When the interest income and expenses are defined, you calculate the company's net interest expense/income to see whether the expenses would qualify for tax deduction.

A general "taxable EBITDA" based interest deduction limitation will apply, where the cap is 30 per cent of the taxable earnings before interest, tax, depreciation and amortization (EBITDA). The limitation applies to net interest expenses.

The "taxable EBITDA" is calculated after adjustments of the book income for non-deductible costs and non-taxable income, deduction for tax losses, group contributions etc. Please note that a partnership income should not be included in the taxable EBITDA, neither would movements in tax allocation reserves.

The rules apply per company (per legal subject) and thus, calculations cannot be made based on consolidated amounts within the group. However, equalization of interest deduction capacity within a group is possible by way of group contributions, i.e. taxable profits may be transferred from one company to another, provided they qualify for the group contribution requirements. Group contributions are normally made with an amount equal to the net taxable income, i.e. after tax deductions including tax depreciations. Hence, a group will often lose some headroom for interest deductions if the taxable profits are not in the same company as the net interest expenses and the taxable profits are transferred through group contributions.

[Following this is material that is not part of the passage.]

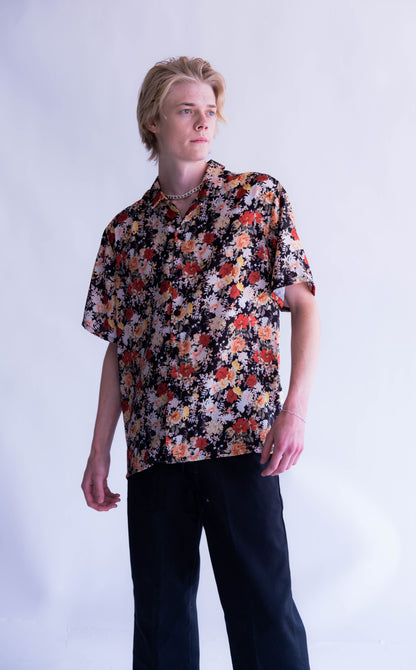 EB Sunset Bloom Shirt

Net interest income in a company can be set-off against net interest expenses in another company, provided that the companies qualify for Swedish group contributions.

Unutilized interest deduction capacity can be carried forward for up to six years, but is lost in the event of a change of control that is not intra-group.

In brief, tax losses from prior years not used one year, would not have effect when calculating the headroom for tax deductible interest under the EBITDA rule. Hence, it is not neutral in which company in a group tax losses are located.

Net interest expenses of up to SEK 5 million per group may be deducted without applying the EBITDA rule. The group definition generally follows Swedish company law but partnerships are always included irrespective of ownership percentage. The 5 million deduction may be interesting to apply also for groups with higher interest expenses in a number of situations, for example when net interest expenses carried forward could be lost due to change of control of a company.

The new rules are proposed to enter into force on January 1, 2019, applying to financial years commencing after December 31, 2018.

It can be noted that Sweden will not apply any grandfathering provisions, nor introduce any form of group ratio rule. However, eventually an exemption for interest expenses relating to government infrastructure projects may be introduced. Many companies as well as municipalities have asked for such exemption. The Finance minister has stated that they will be reviewing whether such exemption can be introduced but due to the tight timeline for implementing ATAD, they are not able to present a concrete proposal at this stage.

The corporate tax rate is reduced in two steps, from the present 22 per cent to 21.4 per cent for financial years commencing after December 31, 2018 and to 20.6 per cent for financial years commencing after December 31, 2020. The change in tax rate, should be also observed for accounting purposes when calculating deferred tax.

The new legislation also contains anti hybrid rules to prevent double deduction for interest expenses in two different jurisdictions. Sweden must also amend its current CFC legislation to be compliant with ATAD. Such amendments are not part of the law that has been passed. The Government has presented its proposal, which recently was sent to the Swedish Council on Legislation for its review. No major changes of the CFC rules are required but the number of white-listed jurisdictions will be reduced and what kind of income that may be caught by the rules for many countries extended. When the final proposal is issued, we recommend that Swedish companies with subsidiaries abroad, investigate whether the amended CFC rules could affect them.